Feeling bummed, hopeless and sort of wrung out by the whole state of affairs, I was trudging home with my headphones on when I heard an old Aretha Franklin cover of an even older Billie Holiday tune: “Crazy He Calls Me.” It’s a sweet, slightly sad (and I suppose unabashedly codependent) love song, but I’ve always found the lyrics hopeful and uplifting, particularly the line that goes, “the difficult I’ll do right now/the impossible will take a little while.”
For whatever reason, hearing that particular song at that particular moment was exactly what I needed. By the time I got home, I was feeling much better.
The next day, I opened the mail and, to my surprise, discovered an advance galley of a new book called, of all things, The Impossible Will Take a Little While: A Citizen’s Guide to Hope in a Time of Fear (Basic Books, 2004).

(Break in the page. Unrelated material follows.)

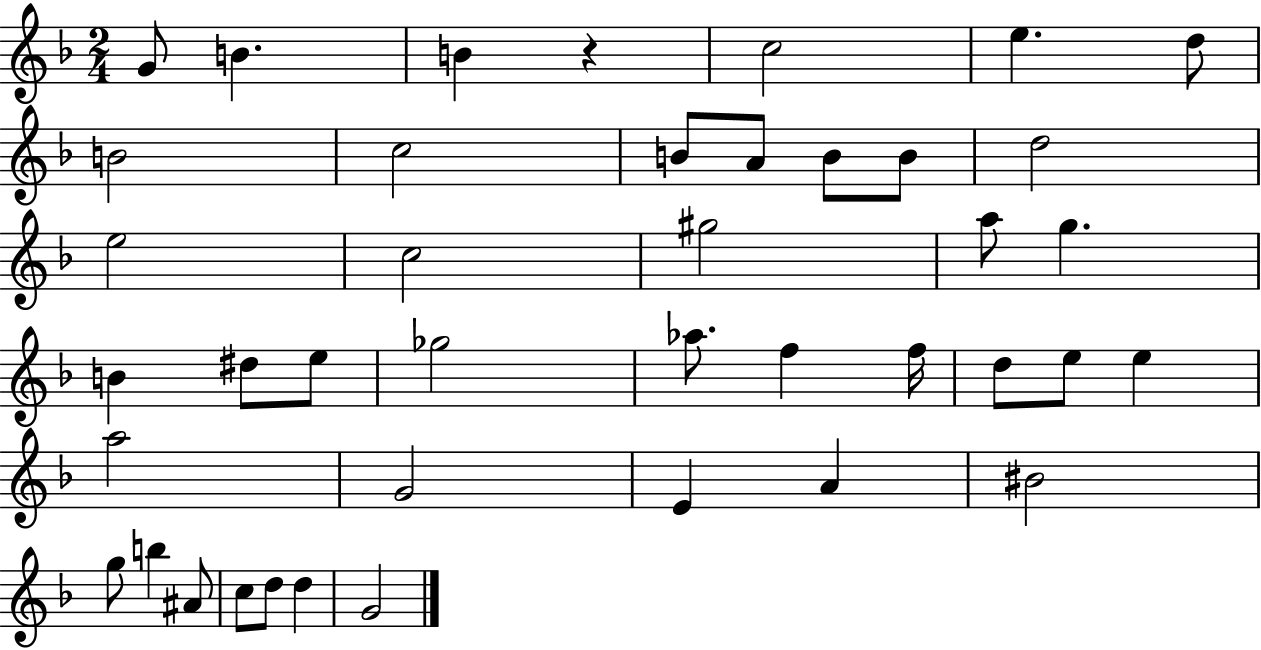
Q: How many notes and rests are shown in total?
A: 41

Edited by Paul Rogat Loeb, author of Soul of a Citizen (a book from which we excerpted an article last year), this volume contains more than 40 inspiring and thought-provoking essays. Their authors are a rather astonishing range of thinkers and doers — from Martin Luther King Jr., Nelson Mandela and Desmond Tutu to Bill McKibben, Margaret Wheatley and Václav Havel, plus many others, famous and relatively unknown, including prisoners, poets, pundits, artists and survivors of all kinds.
Representing a variety of political, religious and secular perspectives, the authors share both personal and public experiences — from working a suicide hotline to facing down apartheid oppression. What they hold in common is a high value for the resilience of the human spirit, and a collection of unshakeable evidence representing the power of small, courageous actions — even (or perhaps especially) in the face of what seems like unremittingly bad news.

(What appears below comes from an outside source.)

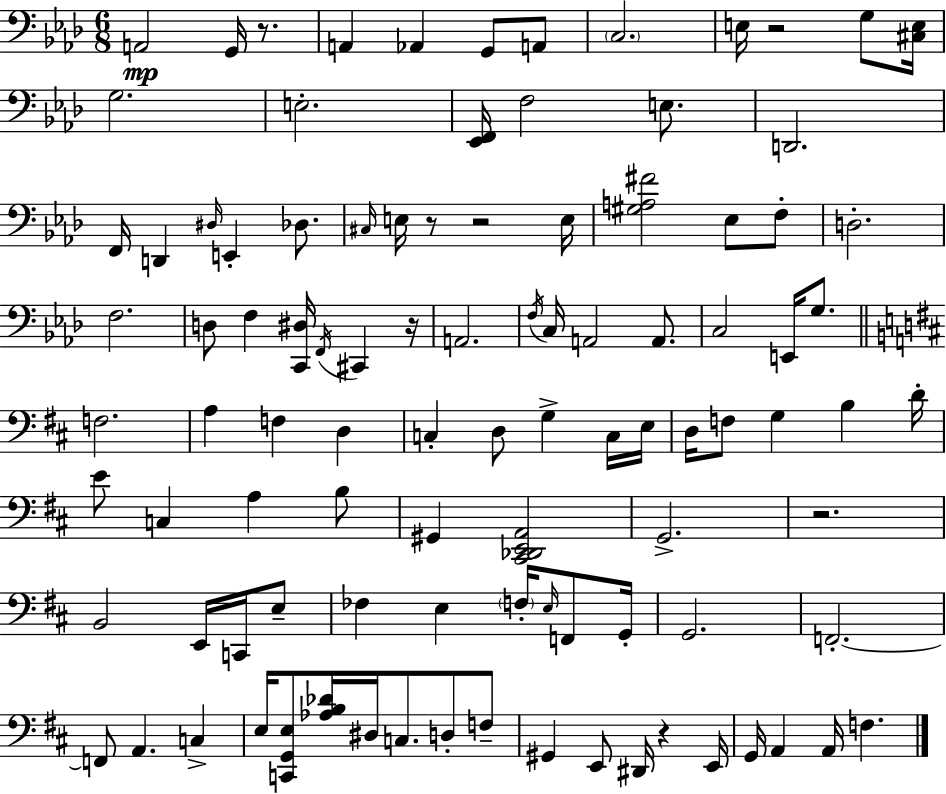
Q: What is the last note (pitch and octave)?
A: F3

One of my favorite quotes from the book comes from an essay by Danusha Veronica Goska. She says, “The problem is not that we have so little power. The problem is that we don’t use the power that we have.”

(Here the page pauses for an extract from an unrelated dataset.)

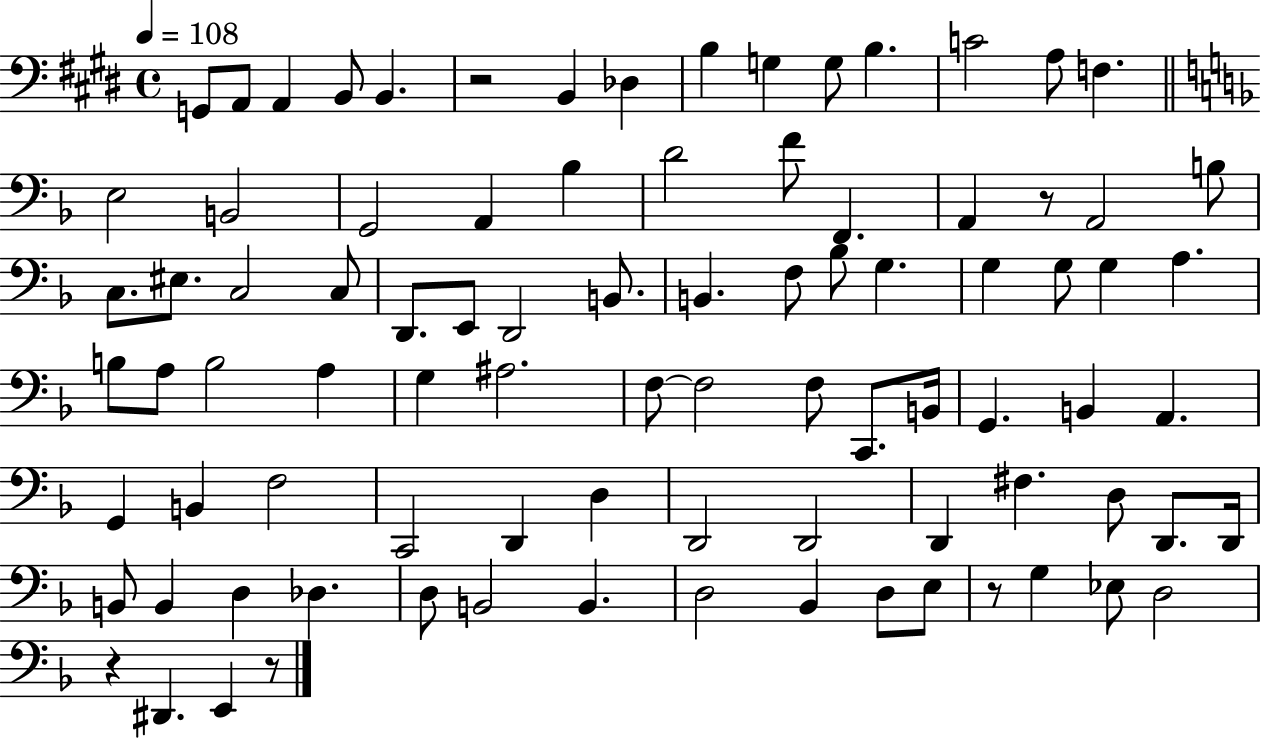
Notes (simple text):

G2/e A2/e A2/q B2/e B2/q. R/h B2/q Db3/q B3/q G3/q G3/e B3/q. C4/h A3/e F3/q. E3/h B2/h G2/h A2/q Bb3/q D4/h F4/e F2/q. A2/q R/e A2/h B3/e C3/e. EIS3/e. C3/h C3/e D2/e. E2/e D2/h B2/e. B2/q. F3/e Bb3/e G3/q. G3/q G3/e G3/q A3/q. B3/e A3/e B3/h A3/q G3/q A#3/h. F3/e F3/h F3/e C2/e. B2/s G2/q. B2/q A2/q. G2/q B2/q F3/h C2/h D2/q D3/q D2/h D2/h D2/q F#3/q. D3/e D2/e. D2/s B2/e B2/q D3/q Db3/q. D3/e B2/h B2/q. D3/h Bb2/q D3/e E3/e R/e G3/q Eb3/e D3/h R/q D#2/q. E2/q R/e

Goska bemoans the self-talk that tells us, “’Gee, I’ll never travel to Malaysia and close a sweatshop; I’m not brave enough (or organized or articulate enough) to champion a cause. I have to go to work every day, and I just don’t have the time or gifts to be a virtuous person.’
“Sometimes,” she writes, “we convince ourselves that the ‘unnoticed’ gestures of ‘insignificant’ people mean nothing. It’s not enough to recycle our soda cans; we must Stop Global Warming Now. Since we can’t Stop Global Warming Now, we may as well not recycle our soda cans. It’s not enough to be our best selves. We have to be Gandhi. And yet when we study the biographies of our heroes, we learn that they spent years in preparation doing tiny, decent things before a historical moment propelled them to center stage.”
They reminded me that courage and hope are inextricably linked. And that is why, in tackling both our individual and collective problems, we must not let the shadows cast by seemingly impossible things prevent us from perceiving and reaching out toward the doable things within our grasp.
In essence, that’s what this issue is all about. Whether it’s reforming the way you eat and exercise, tackling an old phobia, pressing yourself into creative action or questioning some of your most ingrained beliefs, I hope you find something in this issue that expands your sense of the possible. And if it takes a little while, so be it.